(Stored entries)
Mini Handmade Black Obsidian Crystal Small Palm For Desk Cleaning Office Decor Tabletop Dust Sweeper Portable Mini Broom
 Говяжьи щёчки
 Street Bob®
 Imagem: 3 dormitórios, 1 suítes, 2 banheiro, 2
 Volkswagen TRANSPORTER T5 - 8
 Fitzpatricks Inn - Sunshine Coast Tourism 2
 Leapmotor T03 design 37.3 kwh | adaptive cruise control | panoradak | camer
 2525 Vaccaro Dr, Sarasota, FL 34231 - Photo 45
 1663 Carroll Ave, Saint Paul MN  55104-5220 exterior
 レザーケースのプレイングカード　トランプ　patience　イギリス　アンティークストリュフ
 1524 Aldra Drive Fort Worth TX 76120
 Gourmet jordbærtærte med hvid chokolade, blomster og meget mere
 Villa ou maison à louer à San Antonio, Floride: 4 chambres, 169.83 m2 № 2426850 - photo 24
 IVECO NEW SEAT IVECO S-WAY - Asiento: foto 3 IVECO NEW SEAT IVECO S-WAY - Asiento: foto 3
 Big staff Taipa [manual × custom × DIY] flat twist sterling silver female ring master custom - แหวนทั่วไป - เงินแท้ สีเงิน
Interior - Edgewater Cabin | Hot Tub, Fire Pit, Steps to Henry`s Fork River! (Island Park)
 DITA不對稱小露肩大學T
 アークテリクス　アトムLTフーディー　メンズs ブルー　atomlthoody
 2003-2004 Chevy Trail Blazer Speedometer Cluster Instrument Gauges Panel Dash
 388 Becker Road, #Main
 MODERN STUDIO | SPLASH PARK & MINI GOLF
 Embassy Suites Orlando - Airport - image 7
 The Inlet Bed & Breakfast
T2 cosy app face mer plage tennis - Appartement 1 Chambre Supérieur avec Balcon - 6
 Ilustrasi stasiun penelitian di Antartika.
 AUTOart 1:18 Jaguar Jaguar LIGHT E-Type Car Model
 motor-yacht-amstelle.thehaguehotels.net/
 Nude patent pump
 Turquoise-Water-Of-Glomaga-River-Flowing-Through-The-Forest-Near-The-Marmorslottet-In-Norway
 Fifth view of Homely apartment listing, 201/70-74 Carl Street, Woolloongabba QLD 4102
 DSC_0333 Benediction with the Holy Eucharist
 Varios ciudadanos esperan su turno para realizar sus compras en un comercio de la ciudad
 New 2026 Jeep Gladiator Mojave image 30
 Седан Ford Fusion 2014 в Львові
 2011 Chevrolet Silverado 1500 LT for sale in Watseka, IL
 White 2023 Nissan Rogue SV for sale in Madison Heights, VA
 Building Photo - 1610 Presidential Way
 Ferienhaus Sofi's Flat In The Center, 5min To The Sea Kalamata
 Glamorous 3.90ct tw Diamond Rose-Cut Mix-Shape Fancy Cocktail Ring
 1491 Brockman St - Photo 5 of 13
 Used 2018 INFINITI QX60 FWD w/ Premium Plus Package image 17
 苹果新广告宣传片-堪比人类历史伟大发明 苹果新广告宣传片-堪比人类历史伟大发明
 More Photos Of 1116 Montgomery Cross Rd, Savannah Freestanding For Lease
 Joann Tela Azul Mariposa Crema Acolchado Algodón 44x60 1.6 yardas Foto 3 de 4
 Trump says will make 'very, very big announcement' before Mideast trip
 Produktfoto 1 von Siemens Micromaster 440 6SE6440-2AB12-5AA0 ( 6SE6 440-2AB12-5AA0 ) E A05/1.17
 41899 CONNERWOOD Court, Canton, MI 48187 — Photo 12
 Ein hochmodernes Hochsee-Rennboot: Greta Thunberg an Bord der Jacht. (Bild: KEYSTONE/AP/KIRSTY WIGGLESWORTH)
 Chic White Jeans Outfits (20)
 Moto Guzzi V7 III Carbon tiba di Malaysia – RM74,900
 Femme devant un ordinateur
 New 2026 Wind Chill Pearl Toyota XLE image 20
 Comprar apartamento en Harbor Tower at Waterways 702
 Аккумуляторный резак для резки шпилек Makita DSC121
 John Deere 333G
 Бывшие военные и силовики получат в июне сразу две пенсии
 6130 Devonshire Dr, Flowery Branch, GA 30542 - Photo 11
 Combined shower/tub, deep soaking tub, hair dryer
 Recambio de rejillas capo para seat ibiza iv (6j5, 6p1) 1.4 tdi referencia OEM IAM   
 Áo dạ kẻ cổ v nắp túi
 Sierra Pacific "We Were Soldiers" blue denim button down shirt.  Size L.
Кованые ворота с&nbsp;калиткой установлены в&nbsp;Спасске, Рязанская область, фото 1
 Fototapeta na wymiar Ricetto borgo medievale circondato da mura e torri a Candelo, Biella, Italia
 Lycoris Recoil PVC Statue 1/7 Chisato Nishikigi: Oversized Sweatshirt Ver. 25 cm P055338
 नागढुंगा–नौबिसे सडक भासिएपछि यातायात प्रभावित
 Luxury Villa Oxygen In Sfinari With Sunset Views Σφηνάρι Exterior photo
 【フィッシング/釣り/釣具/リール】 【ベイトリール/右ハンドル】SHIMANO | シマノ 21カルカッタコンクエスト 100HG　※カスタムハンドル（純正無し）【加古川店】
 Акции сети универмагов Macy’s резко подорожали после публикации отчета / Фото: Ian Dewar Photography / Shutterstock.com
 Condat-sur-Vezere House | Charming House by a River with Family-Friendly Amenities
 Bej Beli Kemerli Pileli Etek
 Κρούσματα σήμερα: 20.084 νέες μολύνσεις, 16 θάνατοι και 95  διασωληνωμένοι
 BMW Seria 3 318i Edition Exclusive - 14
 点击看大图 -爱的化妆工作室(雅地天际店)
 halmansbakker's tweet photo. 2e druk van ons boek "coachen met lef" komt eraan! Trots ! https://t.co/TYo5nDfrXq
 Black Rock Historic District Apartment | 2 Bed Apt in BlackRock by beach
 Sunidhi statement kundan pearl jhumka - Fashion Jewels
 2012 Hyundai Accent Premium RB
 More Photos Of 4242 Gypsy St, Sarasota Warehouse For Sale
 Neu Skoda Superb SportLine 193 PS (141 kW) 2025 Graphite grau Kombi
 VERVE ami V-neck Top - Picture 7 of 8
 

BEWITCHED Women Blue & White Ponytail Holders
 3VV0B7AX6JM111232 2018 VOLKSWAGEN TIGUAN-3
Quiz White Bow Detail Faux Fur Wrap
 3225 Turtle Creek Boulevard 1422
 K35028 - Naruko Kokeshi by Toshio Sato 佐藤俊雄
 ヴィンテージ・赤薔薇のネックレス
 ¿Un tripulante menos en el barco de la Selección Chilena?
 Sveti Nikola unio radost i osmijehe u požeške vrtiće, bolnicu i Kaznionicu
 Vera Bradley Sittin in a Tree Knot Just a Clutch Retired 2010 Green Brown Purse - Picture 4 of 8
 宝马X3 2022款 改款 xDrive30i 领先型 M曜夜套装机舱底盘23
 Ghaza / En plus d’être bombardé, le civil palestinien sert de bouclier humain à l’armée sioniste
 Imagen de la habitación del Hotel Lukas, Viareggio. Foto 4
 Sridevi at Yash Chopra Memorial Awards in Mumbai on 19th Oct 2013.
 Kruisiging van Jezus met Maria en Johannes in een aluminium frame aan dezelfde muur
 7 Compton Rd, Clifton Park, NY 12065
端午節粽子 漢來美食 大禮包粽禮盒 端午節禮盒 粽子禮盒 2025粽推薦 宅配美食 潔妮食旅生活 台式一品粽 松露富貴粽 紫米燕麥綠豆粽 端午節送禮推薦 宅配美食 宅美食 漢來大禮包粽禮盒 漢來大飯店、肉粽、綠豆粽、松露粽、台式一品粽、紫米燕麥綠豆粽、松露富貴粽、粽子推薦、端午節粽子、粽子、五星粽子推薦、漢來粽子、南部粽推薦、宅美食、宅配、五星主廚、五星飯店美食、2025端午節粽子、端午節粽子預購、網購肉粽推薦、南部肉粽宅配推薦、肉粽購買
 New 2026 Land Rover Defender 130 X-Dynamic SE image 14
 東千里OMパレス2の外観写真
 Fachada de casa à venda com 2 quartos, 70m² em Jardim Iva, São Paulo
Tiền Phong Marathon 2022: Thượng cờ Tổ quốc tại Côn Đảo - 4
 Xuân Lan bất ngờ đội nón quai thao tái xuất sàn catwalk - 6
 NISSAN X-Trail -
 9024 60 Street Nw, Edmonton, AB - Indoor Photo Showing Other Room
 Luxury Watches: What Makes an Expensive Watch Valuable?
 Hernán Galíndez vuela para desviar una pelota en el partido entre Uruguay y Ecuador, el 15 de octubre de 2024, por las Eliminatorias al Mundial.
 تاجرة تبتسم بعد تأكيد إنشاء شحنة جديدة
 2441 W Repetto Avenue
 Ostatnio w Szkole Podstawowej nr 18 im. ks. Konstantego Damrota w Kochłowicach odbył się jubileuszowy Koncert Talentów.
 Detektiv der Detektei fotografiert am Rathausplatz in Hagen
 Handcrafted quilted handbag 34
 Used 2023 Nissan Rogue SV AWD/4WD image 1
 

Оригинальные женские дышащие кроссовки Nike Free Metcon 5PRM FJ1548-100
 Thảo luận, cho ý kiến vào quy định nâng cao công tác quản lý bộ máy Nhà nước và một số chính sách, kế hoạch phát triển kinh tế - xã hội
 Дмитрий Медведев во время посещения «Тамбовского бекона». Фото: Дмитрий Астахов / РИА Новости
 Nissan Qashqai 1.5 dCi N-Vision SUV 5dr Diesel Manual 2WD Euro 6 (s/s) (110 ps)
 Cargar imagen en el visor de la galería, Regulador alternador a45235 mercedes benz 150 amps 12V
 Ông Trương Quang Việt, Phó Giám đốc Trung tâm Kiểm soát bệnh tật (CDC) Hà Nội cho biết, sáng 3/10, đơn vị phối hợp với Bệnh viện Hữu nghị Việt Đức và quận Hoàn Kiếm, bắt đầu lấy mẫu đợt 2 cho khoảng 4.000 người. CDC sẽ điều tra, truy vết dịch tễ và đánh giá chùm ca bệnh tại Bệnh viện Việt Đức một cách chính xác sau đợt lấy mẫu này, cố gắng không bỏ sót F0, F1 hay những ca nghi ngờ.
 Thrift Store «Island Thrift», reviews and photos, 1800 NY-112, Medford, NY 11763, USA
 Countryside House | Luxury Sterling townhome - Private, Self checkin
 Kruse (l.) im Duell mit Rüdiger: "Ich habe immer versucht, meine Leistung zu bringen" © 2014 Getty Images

* **Work request**: What you give back should be exactly the lines of the data above from the line with "Joann Tela Azul" through the line with "41899 CONNERWOOD Court, Canton, MI", both of those included, and nothing more.

* **Answer section**:
 Joann Tela Azul Mariposa Crema Acolchado Algodón 44x60 1.6 yardas Foto 3 de 4
 Trump says will make 'very, very big announcement' before Mideast trip
 Produktfoto 1 von Siemens Micromaster 440 6SE6440-2AB12-5AA0 ( 6SE6 440-2AB12-5AA0 ) E A05/1.17
 41899 CONNERWOOD Court, Canton, MI 48187 — Photo 12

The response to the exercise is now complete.